Any quantum field contributes to the energy density of the Universe through a particular integral…From Quantum Field Theory we learn that this cosmological integral reads

(1)   \begin{equation*} \boxed{C.I.(k)=\rho(k)=\dfrac{1}{(2\pi)^3}\dfrac{1}{2}\int d^3k\sqrt{k^2+m^2}} \end{equation*}

and where I use natural units \hbar=c=1.

Plugin in spherical coordinates for the k-momentum volume element we can rewrite it as

(2)   \begin{equation*} \dfrac{1}{4\pi^2}\int dk k^2\sqrt{k^2+m^2} \end{equation*}

You can also write it again as

(3)   \begin{equation*} \dfrac{1}{4\pi^2}\int dk k^3\sqrt{1+\dfrac{m^2}{k^2}} \end{equation*}

Suppose that we want to perform the integral up to some “big number”/energy/momentum \Lambda and that the lower limit is not too relevant at those big scales…Making a Taylor expansion of the square root for m/k<<1, we get

(4)   \begin{equation*} C.I.=\dfrac{1}{4\pi^2}\int^\Lambda dk k^3\left(1+\dfrac{m^2}{2k^2}-\dfrac{m^4}{8k^4}+\ldots\right) \end{equation*}

It yields

(5)   \begin{equation*} C.I.=\left[\dfrac{k^4}{16\pi^2}+\dfrac{m^2k^2}{16\pi^2}-\dfrac{m^4}{32\pi^2}\log k+\dfrac{m^4}{32\pi^2}\log m+\mbox{cte+finite terms}\right]^\Lambda \end{equation*}

or

(6)   \begin{equation*} C.I.=\dfrac{1}{16\pi^2}\left(\Lambda^4+m^2\Lambda^2-\dfrac{m^4}{2}\log \left(\dfrac{\Lambda}{m}\right)+\mbox{cte'+finite terms}\right) \end{equation*}

The first two terms, \sim\Lambda^4, \sim m^2\Lambda^2 are powers of the cut-off energy or UV regulator. They are generally absent in a sophisticated method like dimensional renormalization. However, the third term is much interesting…It is a logarithmic term that invades the theory at low energy! In fact, such logarithmic terms (or powers of it as you introduces more and more loops into the corresponding vacuum polarization Feynman graphs) are not negligible unless you introduce certain additional counter-terms in order to erase them or minimize them. That is, ANY quantum field provides a low energy contribution to the vacuum energy proportional to

(7)   \begin{equation*} \boxed{\langle \rho\rangle_{C.I.}=-\dfrac{1}{32\pi^2}\sum_{i}^N(-1)^{F_i} m_i^4\log\left(\dfrac{\Lambda}{m_i}\right)} \end{equation*}

for ANY m_i<<\Lambda, with F_i being the fermion number. This is a serious issue! For the electron, you can easily obtain \rho (e^-)\sim m_e^4\sim 10^{33}meV^4. The observerd vacuum energy (sometimes dubbed or referred as dark energy) is about \rho_{DE}\sim\rho_\Lambda\sim H_0^2M_p^2\sim meV^4. We are off 33 orders of magnitudes for the electron! For heavier particles, the mismatch is even worst! This thing is a modern view of the cosmological constant problem from a very simplified approach…

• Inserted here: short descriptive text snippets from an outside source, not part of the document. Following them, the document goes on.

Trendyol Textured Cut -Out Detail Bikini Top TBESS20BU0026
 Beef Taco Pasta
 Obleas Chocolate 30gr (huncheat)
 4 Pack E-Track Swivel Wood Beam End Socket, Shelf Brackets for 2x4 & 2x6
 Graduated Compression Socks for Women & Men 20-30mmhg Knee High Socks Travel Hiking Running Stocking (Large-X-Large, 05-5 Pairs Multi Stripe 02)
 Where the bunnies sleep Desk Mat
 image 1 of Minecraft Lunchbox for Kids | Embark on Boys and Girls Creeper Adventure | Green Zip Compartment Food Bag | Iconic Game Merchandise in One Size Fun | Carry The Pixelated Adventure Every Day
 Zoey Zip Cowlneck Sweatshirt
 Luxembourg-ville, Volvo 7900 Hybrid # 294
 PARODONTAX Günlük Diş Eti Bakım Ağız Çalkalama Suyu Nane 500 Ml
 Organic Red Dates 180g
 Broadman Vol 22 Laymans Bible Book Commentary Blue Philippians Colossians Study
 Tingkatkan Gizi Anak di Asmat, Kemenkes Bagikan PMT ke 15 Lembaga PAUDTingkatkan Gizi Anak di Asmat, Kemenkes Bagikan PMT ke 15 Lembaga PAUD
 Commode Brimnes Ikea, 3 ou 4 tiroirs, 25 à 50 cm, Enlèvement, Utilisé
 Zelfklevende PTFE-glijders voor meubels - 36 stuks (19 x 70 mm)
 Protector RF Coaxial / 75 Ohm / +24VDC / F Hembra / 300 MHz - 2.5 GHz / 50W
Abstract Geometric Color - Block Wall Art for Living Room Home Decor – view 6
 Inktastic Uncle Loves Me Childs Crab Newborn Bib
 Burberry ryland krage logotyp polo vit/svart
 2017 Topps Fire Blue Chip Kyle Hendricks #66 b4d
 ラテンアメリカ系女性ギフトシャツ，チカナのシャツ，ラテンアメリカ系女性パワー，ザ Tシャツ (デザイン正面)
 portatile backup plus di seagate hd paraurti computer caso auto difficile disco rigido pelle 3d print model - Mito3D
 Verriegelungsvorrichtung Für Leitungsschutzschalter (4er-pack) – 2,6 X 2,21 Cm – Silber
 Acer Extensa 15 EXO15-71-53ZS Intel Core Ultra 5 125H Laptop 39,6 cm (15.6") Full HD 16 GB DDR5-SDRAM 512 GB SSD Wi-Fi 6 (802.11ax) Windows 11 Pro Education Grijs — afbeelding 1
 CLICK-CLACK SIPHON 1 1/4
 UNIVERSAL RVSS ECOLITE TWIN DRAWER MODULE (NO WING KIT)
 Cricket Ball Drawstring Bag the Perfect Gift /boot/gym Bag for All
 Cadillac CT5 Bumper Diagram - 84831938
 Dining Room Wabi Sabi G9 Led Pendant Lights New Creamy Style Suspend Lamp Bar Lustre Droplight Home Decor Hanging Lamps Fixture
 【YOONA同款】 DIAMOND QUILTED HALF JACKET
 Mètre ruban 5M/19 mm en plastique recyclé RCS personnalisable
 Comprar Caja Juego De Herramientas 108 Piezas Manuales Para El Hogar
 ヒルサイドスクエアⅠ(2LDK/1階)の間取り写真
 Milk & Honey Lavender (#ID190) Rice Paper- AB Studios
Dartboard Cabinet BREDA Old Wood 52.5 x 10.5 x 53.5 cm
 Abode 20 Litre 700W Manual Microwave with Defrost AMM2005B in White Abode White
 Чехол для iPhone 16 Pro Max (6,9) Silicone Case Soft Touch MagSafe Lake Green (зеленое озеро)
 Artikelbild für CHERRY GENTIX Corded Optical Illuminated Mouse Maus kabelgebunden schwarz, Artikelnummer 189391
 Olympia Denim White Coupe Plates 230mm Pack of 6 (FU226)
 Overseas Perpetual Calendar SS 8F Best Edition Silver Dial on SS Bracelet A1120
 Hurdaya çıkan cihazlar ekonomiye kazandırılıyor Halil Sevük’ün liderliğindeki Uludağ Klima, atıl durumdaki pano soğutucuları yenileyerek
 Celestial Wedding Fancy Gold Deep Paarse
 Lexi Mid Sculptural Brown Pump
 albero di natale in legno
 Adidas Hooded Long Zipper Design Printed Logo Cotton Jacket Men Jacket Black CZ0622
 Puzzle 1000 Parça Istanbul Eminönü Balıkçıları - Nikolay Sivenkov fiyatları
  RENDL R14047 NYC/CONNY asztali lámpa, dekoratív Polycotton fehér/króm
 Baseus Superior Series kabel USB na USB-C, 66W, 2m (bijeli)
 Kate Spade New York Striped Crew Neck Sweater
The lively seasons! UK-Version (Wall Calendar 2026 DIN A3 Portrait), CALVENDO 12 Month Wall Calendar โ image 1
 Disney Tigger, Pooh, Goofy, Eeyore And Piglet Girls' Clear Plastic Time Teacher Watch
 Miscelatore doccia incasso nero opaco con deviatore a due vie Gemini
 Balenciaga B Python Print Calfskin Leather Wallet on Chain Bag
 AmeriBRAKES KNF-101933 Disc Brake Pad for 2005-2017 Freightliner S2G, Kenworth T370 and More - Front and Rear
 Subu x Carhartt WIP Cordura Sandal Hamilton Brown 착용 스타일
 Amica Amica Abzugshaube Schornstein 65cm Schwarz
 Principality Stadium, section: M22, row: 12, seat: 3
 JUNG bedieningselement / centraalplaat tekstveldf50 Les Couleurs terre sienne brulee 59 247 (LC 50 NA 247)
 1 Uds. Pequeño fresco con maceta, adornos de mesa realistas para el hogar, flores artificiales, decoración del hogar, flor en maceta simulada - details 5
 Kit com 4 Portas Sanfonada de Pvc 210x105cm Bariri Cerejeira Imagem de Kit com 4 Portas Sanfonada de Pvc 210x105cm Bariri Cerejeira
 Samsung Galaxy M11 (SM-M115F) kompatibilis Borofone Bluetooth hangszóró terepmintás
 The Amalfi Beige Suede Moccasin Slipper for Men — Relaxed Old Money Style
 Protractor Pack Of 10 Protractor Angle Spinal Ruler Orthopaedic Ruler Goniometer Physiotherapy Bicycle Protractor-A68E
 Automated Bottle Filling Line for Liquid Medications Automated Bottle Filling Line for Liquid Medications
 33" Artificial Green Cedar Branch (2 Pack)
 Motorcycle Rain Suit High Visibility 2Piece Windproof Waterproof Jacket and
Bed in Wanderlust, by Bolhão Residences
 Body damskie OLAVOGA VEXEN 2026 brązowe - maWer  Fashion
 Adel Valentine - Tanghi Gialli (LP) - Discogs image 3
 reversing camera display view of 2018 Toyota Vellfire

Remark: You can perform the exact integral for comparison with the obtained results. Any good table of integrals says you that

(8)   \begin{equation*} \int dx x^2\sqrt{x^2+a^2}=\dfrac{1}{8}\left[x(a^2+2x^2)\sqrt{a^2+x^2}-a^4\log\left(\sqrt{a^2+x^2}+x\right)\right]+cte \end{equation*}

Exercises:

1) Expand the integral at the infinite (big enough x) and prove that you get up to finite terms and some constants the previous terms.

2) Expand the integral at x=0 or any good enough small value. What are the meaning of the different asymptotic terms you get at first orders in a. log (a) and x?

Remark(II): Introduction of further loops does not solve the issue, only provides you new logarithmic POWERS of it. The only possible cancellation of the vacuum energy is some unknown yet mechanism, or to include new particle species “almost” nullifying the observed dark energy up to some huge number of numbers. It is highly unnatural. However, this is a fact right now, circa 2015…Further solutions? Screening mechanisms, modified dispersion relationships, or some new symmetry changing your notion of energy density and/or some non perturbative trick we do not know could, maybe, work.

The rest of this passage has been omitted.